# apes kept privately



## stubeanz (Mar 28, 2007)

heres a random one are there any apes kept in the uk in private collections?
i know there are a few big cat keepers and so thought maybe there still maybe some ape keepers?
not sure whether heythrop have any but that would be most likely place.
stu


----------



## Matt Lusty (Aug 20, 2008)

Yeah...Monkey World...:whistling2:


----------



## TSKA Rory Matier (May 27, 2007)

To be fair, Monkeyworld can hardly be classed as a private collection nowadays, they are a charity and run as a charity and as such despite the Cronins once being private keepers, this is not the case now.

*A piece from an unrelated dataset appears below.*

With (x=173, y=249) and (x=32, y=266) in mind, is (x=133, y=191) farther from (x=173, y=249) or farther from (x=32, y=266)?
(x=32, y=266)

In terms of private ownership, l know l have no direct clients with 'apes' l know other colleagues whom are only too full aware of their own client bases that own much larger primates such as Lar Gibbons as well as other members of the Gibbon family.

R


----------



## stubeanz (Mar 28, 2007)

thanks i was expecting some people to be keeping gibbons but no great apes. was just curious tbh but thanks for the info its amazing to find out what people are privately keeping:2thumb:
stu


----------



## stacy (May 9, 2009)

my friend in codnor has a few types of primates, and they all love choc ices lol


----------



## farmercoope (Aug 19, 2008)

i was at twycross yesterday and some his ice lollies


----------



## dogmandango (Mar 31, 2009)

stacy said:


> my friend in codnor has a few types of primates, and they all love choc ices lol


 
the last i know ther was one at codnor pet shop it was realy unhappy


----------



## stubeanz (Mar 28, 2007)

not really the comments i was looking for lol zoos do give ice lollys but usualy ones they have made themselves with fruit in etc usualy on a hot day or enrichment..... not sure about choc ices though :devil:
stu


----------



## stubeanz (Mar 28, 2007)

just had a look n codnor is in the uk lol for some reason i thought it was abroad what species does he keep great apes?!?
stu


----------



## stacy (May 9, 2009)

stubeanz said:


> just had a look n codnor is in the uk lol for some reason i thought it was abroad what species does he keep great apes?!?
> stu


 hes got some chimps 2 i think. 3 gray ones dont know what they are and a couple of really noisey 1,s. hes got tigers and wolfs and all other things to


----------



## stacy (May 9, 2009)

dogmandango said:


> the last i know ther was one at codnor pet shop it was realy unhappy


 yeah the1 at codnor pet shop was coco he lived at mine when he left shop till he died 3year ago he wasnt very happy when his mate died thats why i had him


----------



## stubeanz (Mar 28, 2007)

wow how old was he when he died ? what kind of enclosure did you need for him?
stu


----------